In April [2005], he had been honored by the Annapolis Center, a group supported by fossil fuel interests, for his work “supporting rational, science-based thinking and policy-making.” His hometown paper, the Dallas Morning News, had given him the nickname “Smokey Joe” for his efforts to exempt cement plants in his district from stricter antismog rules. One of the largest recipients of fossil fuel money in the U.S. House of Representative, he would be named on of Rolling Stone‘s seventeen most notorious climate change “polluters and deniers” five years later. He would also be accused of unethical conflicts of interest regarding his personal stake in natural gas wells. But it was his infamous apology to British Petroleum in June 2010 (over the Obama administration holding it accountable for its role in the Deepwater Horizon oil spill in the Gulf of Mexico) that finally made Joe Barton a household name.

There are numerous cartoons about the apology, including one included in the book by artist Toles in the Washington Post.
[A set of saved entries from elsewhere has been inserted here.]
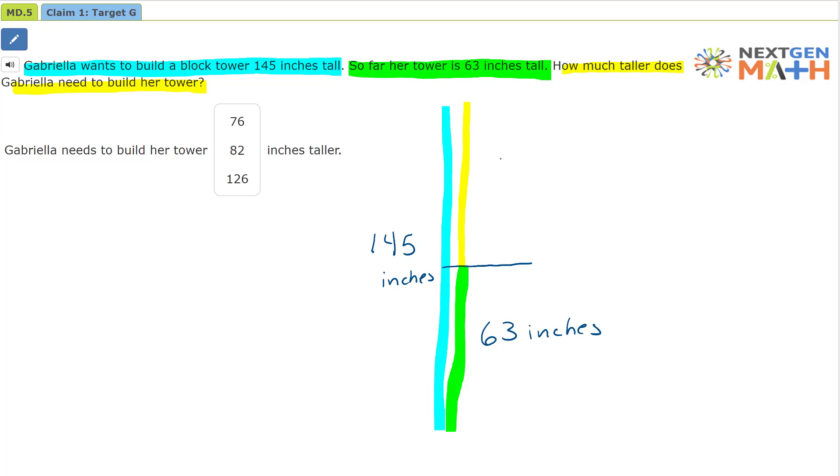Well, it would be the 145 and subtract 63. That will be the difference. So when we do this calculation, 5 minus 3, that's equal to 2.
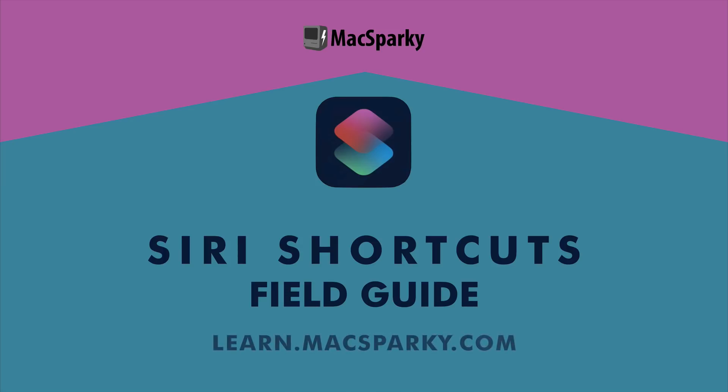Hello friends, it's David Sparks here from the MacSparky Field Guides and I'm so happy to share with you a free sample of the Siri Shortcut Field Guide.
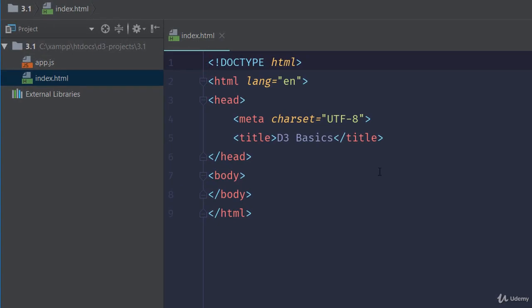What you'll end up having is two files. The index.html file just contains a basic HTML structure. There is one important thing I want to highlight about this file, and that's setting the character set to UTF-8.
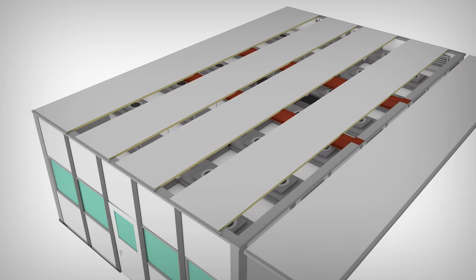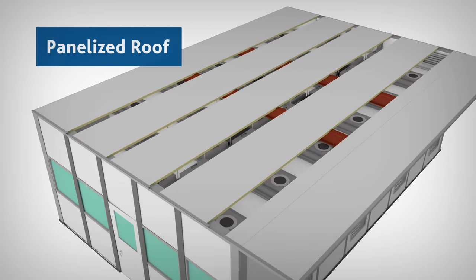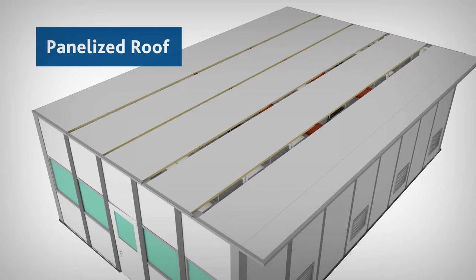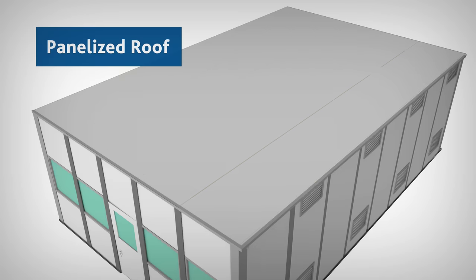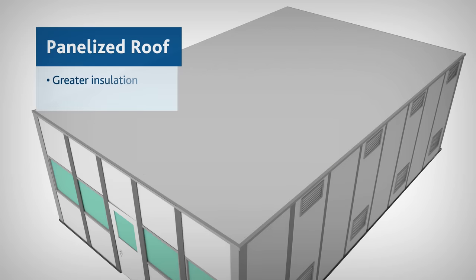If required, a panelized roof system can be used in place of the roof deck to provide greater insulation and thermal control.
Michael E. Mann ended up, I think, not getting tenure at the University of Virginia because of the attacks by Barton et al. It also seems that the rabid attacks and libelous remarks by deniers is dragging on in the courts. If you can’t reason with people, they can smear and overwhelm the hit counts of reality versus fakery and lies. Here is one sane site that actually seems to be objective and reality based. I am horrified at the sheer quantity of shit that turned up pumped out by the denier (I am going to deny a mention of his name on principle). This country needs to seriously review the Freedom of Speech rights regarding spreading lies and essentially calling “fire” in a crowded room by relentless lies, like The Donald has gotten away with this election season.